Use RemoveAll if you can. Otherwise, the following pattern will filter the list in-place in linear time, O(n).
// Create a list to be filtered
IList<int> elements = new List<int>(new int[] {1, 2, 3, 4, 5, 6, 7, 8, 9, 10});
// Filter the list
int kept = 0;
for (int i = 0; i < elements.Count; i++) {
// Test whether this is an element that we want to keep.
if (elements[i] % 3 > 0) {
// Add it to the list of kept elements.
elements[kept] = elements[i];
kept++;
}
}
// Unfortunately IList has no Resize method. So instead we
// remove the last element of the list until: elements.Count == kept.
while (kept < elements.Count) elements.RemoveAt(elements.Count-1);
I would reassign the list from a LINQ query that filtered out the elements you didn't want to keep.
list = list.Where(item => ...).ToList();
Unless the list is very large there should be no significant performance problems in doing this.
The best way to remove items from a list while iterating over it is to use RemoveAll(). But the main concern written by people is that they have to do some complex things inside the loop and/or have complex compare cases.

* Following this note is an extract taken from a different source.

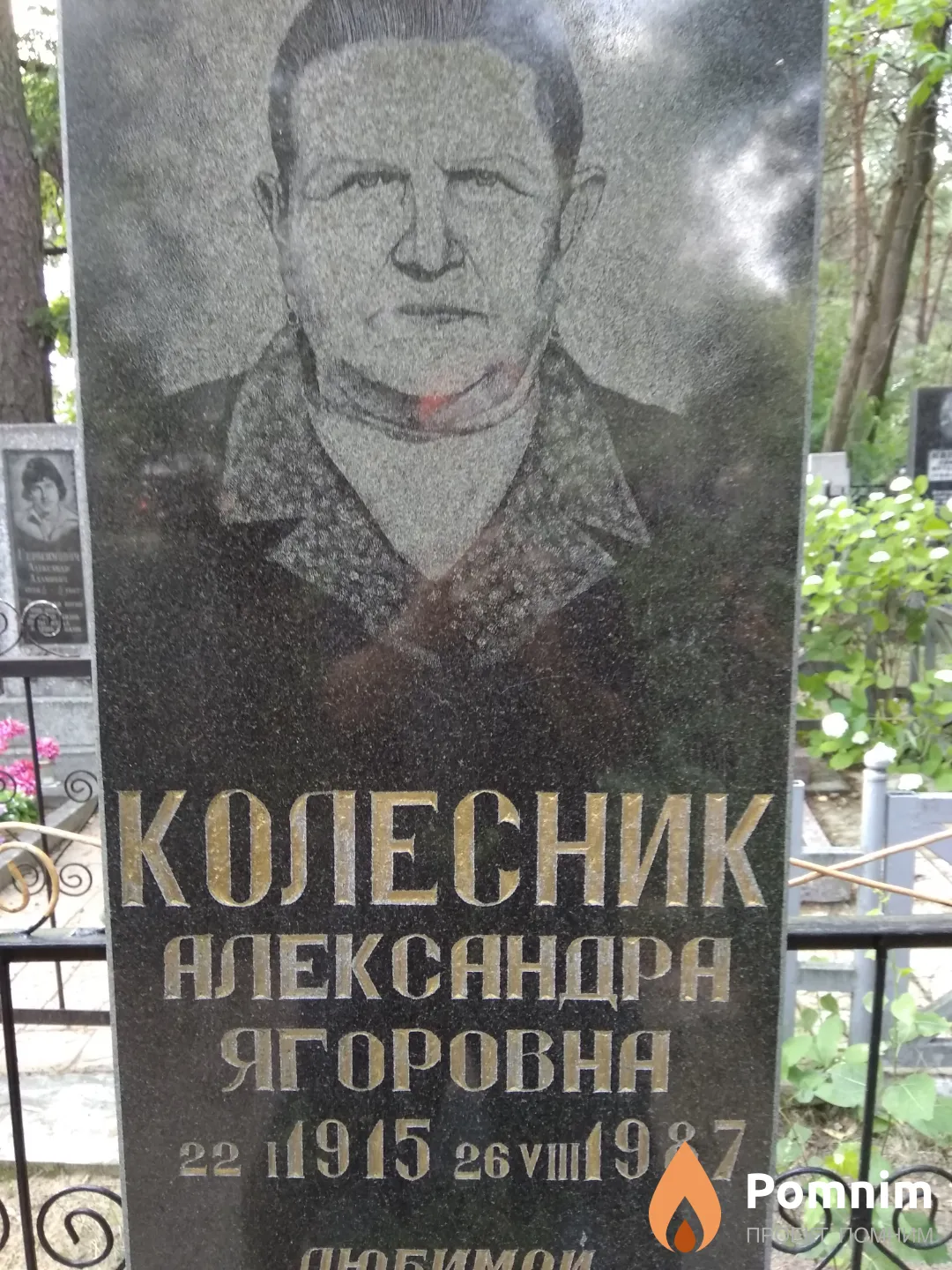 Колесник Александра Ягоровна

The solution is to still use RemoveAll() but use this notation:
var list = new List<int>(Enumerable.Range(1, 10));
list.RemoveAll(item =>
{
// Do some complex operations here
// Or even some operations on the items
SomeFunction(item);
// In the end return true if the item is to be removed. False otherwise
return item > 5;
});
By assuming that predicate is a Boolean property of an element, that if it is true, then the element should be removed:
int i = 0;
while (i < list.Count())
{
if (list[i].predicate == true)
{
list.RemoveAt(i);
continue;
}
i++;
}
In C# one easy way is to mark the ones you wish to delete then create a new list to iterate over...
foreach(var item in list.ToList()){if(item.Delete) list.Remove(item);}
or even simpler use linq....
list.RemoveAll(p=>p.Delete);
but it is worth considering if other tasks or threads will have access to the same list at the same time you are busy removing, and maybe use a ConcurrentList instead.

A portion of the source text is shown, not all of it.